What the Hell Is Microsoft Doing with My Computer?  - nickb
http://www.eweek.com/article2/0,1895,2182967,00.asp
======
dfranke
2.3 Internet-Based Services Components. The Software contains components that
enable and facilitate the use of certain Internet-based services. You
acknowledge and agree that Microsoft may automatically check the version of
the Software and/or its components that you are utilizing and may provide
upgrades or fixes to the Software that will be automatically downloaded to
your Workstation Computer.

2.4 Internet Gaming/Update Features. If you choose to utilize the Internet
gaming or update features within the Software, it is necessary to use certain
computer system, hardware, and software information to implement the features.
By using these features, you explicitly authorize Microsoft or its designated
agent to access and utilize the necessary information for Internet gaming
and/or updating purposes. Microsoft may use this information solely to improve
our software or to provide customized services or technologies to you.

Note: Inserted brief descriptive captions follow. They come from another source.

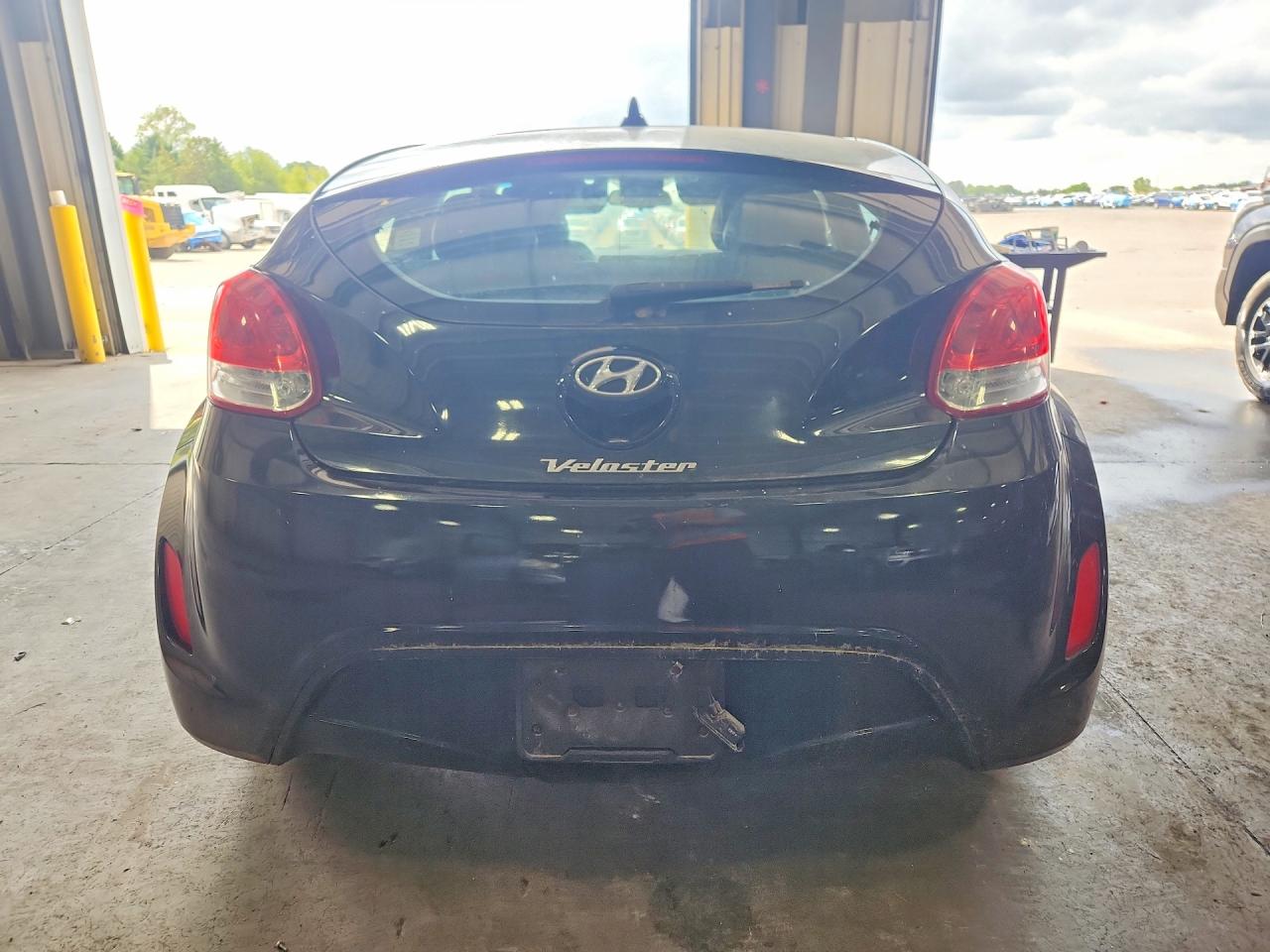 KMHTC6ADXCU061714 · 2012 HYUNDAI VELOSTER · 6/12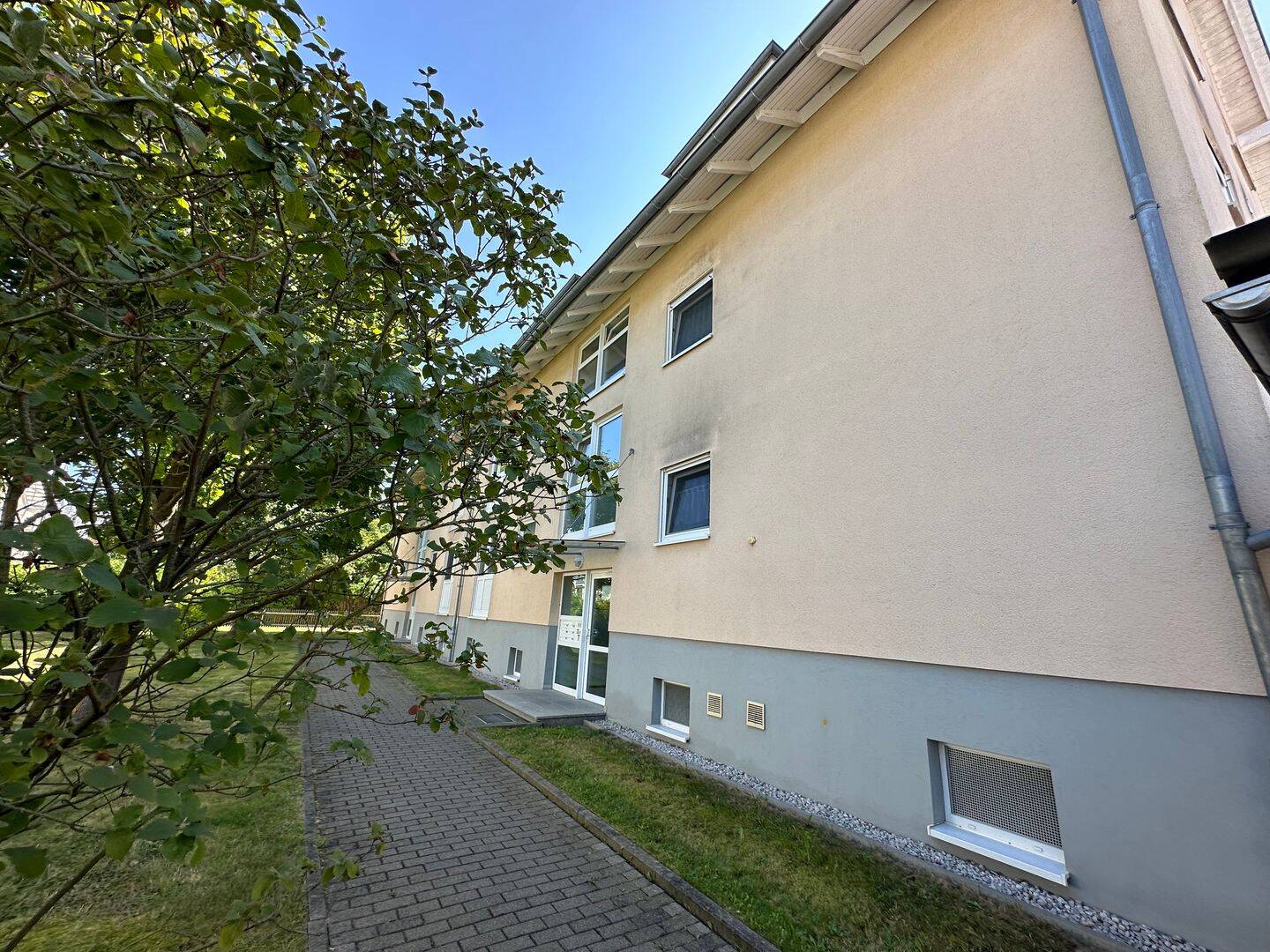 Balkon am Wohnzimmer – Bad mit Fenster – Außenrollläden – frei ab dem 1.8., 9557 Flöha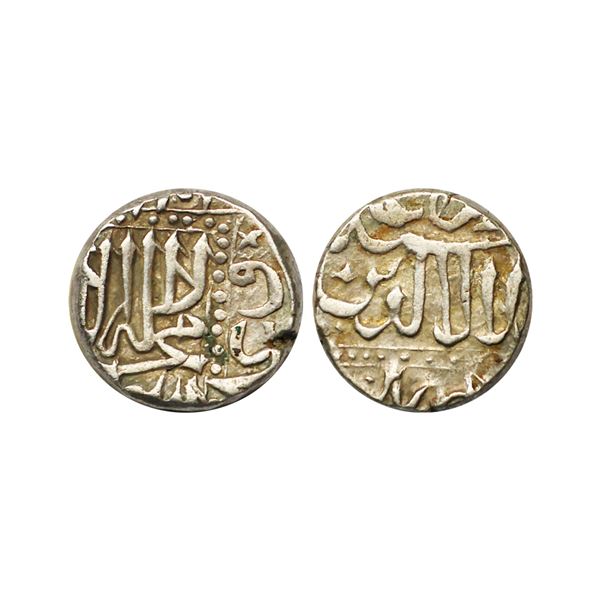 Mughal, Akbar (AH 963-1014, 1556-1605 AD), Silver Mahmudi, 5.63 gms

Microsoft may disclose this information to others, but not in a form that
personally identifies you.

I've always simply assumed that Micros~1 was doing this sort of thing without
my knowledge. This is why, if I must run Windows, I do it on a dedicated
machine or inside VMWare rather than dual-booting, and won't store my PGP keys
on Windows systems. Just think of Windows as malware and treat it accordingly,
and you won't get upset when it proves you right.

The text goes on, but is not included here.